La Gioconda - La Gloria (1898-99)

 La prima è una tragedia in 4 atti, rappresentata nel 1899 dalla Duse ed Ermete Zacconi. Nella storia, come nella Città morta, il protagonista è un artista scultore, Lucio Settala, incerto tra la pietà per la moglie Silvia, e l'amore per la sua modella Gioconda Dianti. Alla fine, intendendo realizzare sé stesso al di là dai vincoli della legge coniugale per lui limitata, Lucio commette adulterio; la moglie Silvia non lo sa, e un giorno assiste a una lite tra i due, la Gioconda getta per terra una statua, sentendosi abbandonata, e Silvia nel tentativo di salvarla si mutila le mani.

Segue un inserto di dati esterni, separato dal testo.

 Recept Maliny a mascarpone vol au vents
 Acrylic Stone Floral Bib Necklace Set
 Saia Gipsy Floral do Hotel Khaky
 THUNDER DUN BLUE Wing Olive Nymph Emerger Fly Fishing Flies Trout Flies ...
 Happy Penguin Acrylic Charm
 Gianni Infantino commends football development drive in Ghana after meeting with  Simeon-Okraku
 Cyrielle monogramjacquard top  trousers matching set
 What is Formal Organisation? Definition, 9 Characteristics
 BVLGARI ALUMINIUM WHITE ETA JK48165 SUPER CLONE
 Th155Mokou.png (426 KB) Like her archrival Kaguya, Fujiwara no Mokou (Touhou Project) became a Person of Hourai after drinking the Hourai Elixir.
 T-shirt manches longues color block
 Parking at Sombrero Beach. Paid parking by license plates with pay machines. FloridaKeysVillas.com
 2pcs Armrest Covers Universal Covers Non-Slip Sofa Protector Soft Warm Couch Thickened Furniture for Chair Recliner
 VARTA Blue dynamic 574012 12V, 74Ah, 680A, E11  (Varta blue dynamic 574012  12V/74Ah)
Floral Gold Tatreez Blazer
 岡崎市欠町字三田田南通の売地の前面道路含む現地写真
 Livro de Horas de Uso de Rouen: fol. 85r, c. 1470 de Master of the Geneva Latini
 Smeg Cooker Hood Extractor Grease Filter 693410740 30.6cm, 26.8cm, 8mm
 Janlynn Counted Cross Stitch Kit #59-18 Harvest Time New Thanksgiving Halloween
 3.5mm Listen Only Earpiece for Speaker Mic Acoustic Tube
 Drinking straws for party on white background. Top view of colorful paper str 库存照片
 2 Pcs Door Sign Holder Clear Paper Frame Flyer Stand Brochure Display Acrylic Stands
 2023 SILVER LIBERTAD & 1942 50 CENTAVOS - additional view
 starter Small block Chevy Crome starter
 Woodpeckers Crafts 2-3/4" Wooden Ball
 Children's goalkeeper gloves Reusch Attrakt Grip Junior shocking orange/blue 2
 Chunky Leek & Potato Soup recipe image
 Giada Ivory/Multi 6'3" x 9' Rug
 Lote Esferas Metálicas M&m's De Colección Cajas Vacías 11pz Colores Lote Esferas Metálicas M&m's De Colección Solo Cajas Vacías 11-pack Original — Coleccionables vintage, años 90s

Nella tragedia traspare il forte senso del superuomo, anche se pare assumere delle debolezze in questo contesto, pare che il suicidio sia l'unica maniera possibile per risolvere il contrasto del protagonista, la Gioconda proclama la sua superiorità al di là del bene e del male, mostrandosi come la classica fèmme fatale, mentre Silvia incarna la moglie fedele e la vittima sacrificare della tragedia per scatenare il processo di catarsi. Sembra ripetere lo schema della Giuliana in L'innocente, in Anna ne La città morta, insomma è un tema che si ripete, in maniera decisamente stanca. L'unica parte originale della tragedia è la canzonetta in poesia del personaggio della Sirenetta, che rievoca in parte le scene dell'Alcyone (1903) e del Sogno d'un mattino di primavera.

L'opera fu pubblicata nel 1903 da D'Annunzio in Francia insieme a "La Gloria - La città morta", come a comporre una sorta di trilogia.

Nella Gloria, tragedia in 5 atti rappresentata da Eleonora Duse e da Ermete Zacconi, D'Annunzio intende glorificare il mito del Superuomo, ma risulta per glorificare la Superfemmina sua compagna: Ruggero Flamma combatte per il potere a Roma contro un dominatore già anziano, Cesare Bronte, al quale riesce a strappare il potere mediante l'adulterio con l'amante Comnèna. Costei è rappresentata come una donna insaziabile di potere e di desiderio, si impadronisce della mente di Ruggero, sino a ucciderlo e darne il cadavere in pasto alla folla ribelle, quando arriva il momento di scegliere tra la politica, l'amore e l'esilio. Le velleità politiche che riguardano la tragedia sembrano essere desunte dalla storia de Le vergini delle rocce (1895).

L'opera non il successo sperato, e fu pubblicata in Francia nel 1903 insieme a "La Gioconda - La città morta" con il titolo Le victoires mutilées.